Nach ihrem Debütroman Um jeden Preis glücklich - Geschichte einer Familie (2011) gelingt es der 1954 in Amsterdam geborenen niederländischen Autorin Saskia Goldschmidt erneut, eine packende Familiengeschichte zu schildern. Gekonnt schafft sie durch die Verbindung von Fiktion und Realität das Bild eines Mannes aufzuzeigen, dessen Gier nach Macht grenzenlos ist. Der Roman weist Verbindungslinien zur Familiengeschichte der Autorin auf. Bei Recherchen stiess die Autorin auf Dokumente über den Arzt und Pharmakologen Ernst Laqueur, den Schwiegervater ihres Vaters. Laquer war Mitbegründer der Firma Organon, die Hormonpräparate herstellte. Goldschmidts Vater, ein Überlebender des Konzentrationslagers Bergen-Belsen, heiratete Renate Laquer, die extravagante Professorentochter. Doch die Ehe hielt nur bis 1950. Renates Begründung der Trennung war: „ Die Ehe ist nicht dafür gemacht, um die Hölle zu überdauern."

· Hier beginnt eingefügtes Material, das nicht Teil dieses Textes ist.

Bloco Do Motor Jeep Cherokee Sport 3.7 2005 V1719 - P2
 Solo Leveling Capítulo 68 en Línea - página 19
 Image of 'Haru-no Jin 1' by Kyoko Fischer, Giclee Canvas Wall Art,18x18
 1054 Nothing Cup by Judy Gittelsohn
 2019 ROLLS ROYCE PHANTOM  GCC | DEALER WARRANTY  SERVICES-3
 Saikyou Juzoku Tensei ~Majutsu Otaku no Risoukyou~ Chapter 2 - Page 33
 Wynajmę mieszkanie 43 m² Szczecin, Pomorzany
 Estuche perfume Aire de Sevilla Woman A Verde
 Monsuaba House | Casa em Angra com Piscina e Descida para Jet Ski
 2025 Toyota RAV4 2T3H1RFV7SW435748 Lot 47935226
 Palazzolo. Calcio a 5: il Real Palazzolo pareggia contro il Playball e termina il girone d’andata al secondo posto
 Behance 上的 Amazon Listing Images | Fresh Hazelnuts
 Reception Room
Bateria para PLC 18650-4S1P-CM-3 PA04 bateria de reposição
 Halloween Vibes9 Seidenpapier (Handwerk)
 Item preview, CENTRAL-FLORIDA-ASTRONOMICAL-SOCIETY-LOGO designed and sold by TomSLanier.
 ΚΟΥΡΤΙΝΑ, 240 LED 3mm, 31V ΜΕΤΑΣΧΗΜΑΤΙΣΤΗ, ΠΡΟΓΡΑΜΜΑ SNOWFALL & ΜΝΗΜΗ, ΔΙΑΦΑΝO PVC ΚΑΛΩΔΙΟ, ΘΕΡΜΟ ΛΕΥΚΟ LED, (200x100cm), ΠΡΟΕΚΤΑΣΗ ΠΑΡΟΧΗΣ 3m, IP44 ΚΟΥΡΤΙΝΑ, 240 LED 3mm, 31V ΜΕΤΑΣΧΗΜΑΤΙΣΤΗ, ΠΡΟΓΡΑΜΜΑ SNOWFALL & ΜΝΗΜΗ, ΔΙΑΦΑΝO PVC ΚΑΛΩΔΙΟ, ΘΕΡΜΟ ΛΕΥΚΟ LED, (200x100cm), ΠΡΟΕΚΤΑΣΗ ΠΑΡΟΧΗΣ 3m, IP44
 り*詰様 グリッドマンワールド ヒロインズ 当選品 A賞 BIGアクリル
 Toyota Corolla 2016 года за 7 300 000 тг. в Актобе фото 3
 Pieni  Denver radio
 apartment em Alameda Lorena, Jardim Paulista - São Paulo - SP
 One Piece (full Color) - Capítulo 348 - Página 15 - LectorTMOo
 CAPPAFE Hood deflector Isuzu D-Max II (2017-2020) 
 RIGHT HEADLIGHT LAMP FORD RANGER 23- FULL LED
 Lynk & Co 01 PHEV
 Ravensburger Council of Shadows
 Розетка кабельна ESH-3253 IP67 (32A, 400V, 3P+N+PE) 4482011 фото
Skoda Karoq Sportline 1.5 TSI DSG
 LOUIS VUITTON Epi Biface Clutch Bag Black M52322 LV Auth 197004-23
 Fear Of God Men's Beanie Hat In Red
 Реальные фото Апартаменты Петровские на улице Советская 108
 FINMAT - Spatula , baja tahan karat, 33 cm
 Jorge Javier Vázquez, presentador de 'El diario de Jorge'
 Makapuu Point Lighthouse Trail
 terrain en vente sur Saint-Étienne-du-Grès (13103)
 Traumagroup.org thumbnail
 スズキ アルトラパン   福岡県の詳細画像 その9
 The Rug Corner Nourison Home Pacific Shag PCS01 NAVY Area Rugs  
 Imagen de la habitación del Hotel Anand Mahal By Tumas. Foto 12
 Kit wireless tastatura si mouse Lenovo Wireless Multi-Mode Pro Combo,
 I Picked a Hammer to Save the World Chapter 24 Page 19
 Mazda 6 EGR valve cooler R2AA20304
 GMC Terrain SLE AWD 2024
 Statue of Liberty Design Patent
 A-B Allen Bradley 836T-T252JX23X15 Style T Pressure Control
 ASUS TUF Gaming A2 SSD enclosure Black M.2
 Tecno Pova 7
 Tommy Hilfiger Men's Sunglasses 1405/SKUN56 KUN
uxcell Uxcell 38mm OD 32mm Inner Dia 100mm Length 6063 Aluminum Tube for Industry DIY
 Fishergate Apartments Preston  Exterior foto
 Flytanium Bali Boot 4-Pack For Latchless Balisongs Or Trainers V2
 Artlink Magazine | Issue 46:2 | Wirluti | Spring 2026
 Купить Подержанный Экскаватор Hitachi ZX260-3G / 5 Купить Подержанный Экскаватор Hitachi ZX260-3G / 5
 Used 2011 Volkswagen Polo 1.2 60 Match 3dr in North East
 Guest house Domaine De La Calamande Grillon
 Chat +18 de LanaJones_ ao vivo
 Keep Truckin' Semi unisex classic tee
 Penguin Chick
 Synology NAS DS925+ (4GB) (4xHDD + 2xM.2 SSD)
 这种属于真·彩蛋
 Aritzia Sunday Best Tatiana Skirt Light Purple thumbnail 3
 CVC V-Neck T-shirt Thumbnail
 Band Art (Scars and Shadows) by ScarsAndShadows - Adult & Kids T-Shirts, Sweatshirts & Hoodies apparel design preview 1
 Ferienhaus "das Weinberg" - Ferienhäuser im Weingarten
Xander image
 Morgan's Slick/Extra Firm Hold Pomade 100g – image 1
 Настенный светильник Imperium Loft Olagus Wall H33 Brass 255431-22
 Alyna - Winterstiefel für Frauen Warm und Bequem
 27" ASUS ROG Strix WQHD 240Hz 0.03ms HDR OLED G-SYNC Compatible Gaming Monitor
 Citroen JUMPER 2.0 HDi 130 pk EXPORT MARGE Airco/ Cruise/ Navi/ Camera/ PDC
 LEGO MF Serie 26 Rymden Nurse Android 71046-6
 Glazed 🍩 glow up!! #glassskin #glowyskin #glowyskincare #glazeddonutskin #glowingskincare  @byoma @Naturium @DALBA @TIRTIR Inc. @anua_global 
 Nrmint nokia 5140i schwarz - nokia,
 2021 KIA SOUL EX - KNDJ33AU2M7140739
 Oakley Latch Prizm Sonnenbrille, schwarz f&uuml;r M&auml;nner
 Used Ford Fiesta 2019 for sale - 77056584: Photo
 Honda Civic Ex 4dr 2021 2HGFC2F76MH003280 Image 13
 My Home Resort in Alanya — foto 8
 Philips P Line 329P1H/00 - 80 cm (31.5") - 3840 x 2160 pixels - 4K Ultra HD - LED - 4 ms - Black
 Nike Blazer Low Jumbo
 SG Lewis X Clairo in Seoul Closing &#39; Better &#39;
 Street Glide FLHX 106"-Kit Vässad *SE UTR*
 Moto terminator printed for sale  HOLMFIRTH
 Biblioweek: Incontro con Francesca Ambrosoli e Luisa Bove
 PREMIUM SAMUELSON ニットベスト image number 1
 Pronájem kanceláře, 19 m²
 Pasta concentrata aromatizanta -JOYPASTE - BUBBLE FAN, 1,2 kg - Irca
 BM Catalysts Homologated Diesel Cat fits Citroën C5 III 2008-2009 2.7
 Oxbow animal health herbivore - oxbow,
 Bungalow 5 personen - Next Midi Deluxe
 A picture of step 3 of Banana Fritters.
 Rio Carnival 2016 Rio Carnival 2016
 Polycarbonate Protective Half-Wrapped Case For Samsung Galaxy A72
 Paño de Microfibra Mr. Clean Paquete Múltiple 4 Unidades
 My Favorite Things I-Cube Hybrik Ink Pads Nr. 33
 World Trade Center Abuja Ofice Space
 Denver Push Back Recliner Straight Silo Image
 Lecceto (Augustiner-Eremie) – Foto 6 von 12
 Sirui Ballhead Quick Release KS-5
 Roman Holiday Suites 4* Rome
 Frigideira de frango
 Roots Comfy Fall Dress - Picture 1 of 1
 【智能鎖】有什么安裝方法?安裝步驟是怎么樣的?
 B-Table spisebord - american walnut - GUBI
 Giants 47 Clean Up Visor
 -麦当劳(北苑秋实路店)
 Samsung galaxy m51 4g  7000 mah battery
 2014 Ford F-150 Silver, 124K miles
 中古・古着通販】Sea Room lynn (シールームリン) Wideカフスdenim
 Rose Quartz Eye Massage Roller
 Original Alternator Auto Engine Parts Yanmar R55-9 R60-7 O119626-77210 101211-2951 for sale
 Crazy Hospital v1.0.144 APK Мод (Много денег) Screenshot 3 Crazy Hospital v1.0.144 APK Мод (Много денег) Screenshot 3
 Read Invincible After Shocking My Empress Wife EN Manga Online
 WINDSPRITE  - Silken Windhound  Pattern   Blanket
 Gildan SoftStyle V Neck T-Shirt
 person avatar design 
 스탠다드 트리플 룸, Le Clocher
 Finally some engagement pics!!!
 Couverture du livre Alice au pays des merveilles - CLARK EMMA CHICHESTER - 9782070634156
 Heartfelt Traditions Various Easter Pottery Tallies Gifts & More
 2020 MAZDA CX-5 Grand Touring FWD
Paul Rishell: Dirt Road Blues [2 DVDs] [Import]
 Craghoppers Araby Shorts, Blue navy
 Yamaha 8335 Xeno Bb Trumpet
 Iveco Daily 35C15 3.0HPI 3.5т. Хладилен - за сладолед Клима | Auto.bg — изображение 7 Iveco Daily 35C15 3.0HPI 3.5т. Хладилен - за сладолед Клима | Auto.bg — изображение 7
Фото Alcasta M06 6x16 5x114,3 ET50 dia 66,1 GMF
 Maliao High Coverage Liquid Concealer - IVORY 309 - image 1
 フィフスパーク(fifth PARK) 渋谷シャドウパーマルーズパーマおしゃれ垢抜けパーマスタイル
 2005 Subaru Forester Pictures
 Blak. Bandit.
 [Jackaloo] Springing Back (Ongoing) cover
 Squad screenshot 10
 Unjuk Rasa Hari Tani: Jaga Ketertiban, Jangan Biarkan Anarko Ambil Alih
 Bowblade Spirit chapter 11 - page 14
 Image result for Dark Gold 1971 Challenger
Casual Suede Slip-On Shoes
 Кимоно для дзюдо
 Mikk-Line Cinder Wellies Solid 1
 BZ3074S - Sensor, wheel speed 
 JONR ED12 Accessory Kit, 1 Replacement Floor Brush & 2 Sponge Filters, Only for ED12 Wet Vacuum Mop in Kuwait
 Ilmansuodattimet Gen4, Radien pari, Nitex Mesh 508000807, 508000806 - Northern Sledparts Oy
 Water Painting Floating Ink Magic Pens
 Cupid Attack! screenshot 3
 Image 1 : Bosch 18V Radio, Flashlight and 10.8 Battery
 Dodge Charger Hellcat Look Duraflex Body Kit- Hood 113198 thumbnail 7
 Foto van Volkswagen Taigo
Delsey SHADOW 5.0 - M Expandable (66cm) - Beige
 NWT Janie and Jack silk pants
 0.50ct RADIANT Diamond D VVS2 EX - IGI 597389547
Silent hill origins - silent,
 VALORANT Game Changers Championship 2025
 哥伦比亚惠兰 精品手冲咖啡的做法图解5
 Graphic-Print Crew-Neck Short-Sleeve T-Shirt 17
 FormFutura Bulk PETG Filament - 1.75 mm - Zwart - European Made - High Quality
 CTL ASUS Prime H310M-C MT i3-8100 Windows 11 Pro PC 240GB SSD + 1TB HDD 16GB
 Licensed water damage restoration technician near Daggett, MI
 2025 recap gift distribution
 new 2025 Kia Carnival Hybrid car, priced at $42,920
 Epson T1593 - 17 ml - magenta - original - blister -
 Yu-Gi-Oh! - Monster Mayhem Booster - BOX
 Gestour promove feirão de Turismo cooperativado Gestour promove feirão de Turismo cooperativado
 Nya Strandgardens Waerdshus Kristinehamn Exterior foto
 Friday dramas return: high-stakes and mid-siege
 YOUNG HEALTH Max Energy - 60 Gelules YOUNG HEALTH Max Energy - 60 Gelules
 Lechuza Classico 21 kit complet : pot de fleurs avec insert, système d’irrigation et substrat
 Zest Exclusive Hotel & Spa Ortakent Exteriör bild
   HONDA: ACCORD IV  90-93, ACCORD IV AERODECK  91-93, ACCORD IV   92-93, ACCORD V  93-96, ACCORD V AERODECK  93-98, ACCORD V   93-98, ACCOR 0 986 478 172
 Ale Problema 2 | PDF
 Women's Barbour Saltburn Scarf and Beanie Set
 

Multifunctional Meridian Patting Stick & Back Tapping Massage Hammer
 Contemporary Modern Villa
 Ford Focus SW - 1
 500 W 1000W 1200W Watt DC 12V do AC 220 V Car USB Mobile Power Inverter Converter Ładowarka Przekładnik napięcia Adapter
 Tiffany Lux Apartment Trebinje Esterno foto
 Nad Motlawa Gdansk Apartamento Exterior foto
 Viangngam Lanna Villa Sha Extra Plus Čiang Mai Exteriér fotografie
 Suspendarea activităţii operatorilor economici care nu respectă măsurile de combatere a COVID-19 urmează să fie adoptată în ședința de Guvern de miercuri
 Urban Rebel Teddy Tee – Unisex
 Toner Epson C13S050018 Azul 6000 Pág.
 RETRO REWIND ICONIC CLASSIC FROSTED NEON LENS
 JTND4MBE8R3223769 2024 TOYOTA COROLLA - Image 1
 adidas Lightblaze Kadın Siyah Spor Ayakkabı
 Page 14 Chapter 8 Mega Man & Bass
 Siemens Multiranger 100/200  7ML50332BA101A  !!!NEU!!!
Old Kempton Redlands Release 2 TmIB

Laqueur widerspiegelt sich in der Romangestalt des Wissenschaftlers Rafael Levine. In ihrem Nachwort beschreibt Goldschmidt, warum sie für ihr Buch einen Protagonisten gewählt hat, der am Totenbett sein Leben Revue passieren lässt: „Denn das ist der Moment, Bilanz zu ziehen, und sich, vielleicht zum ersten Mal, die Frage zu stellen: War ich ein Mensch, wirklich ein Mensch?".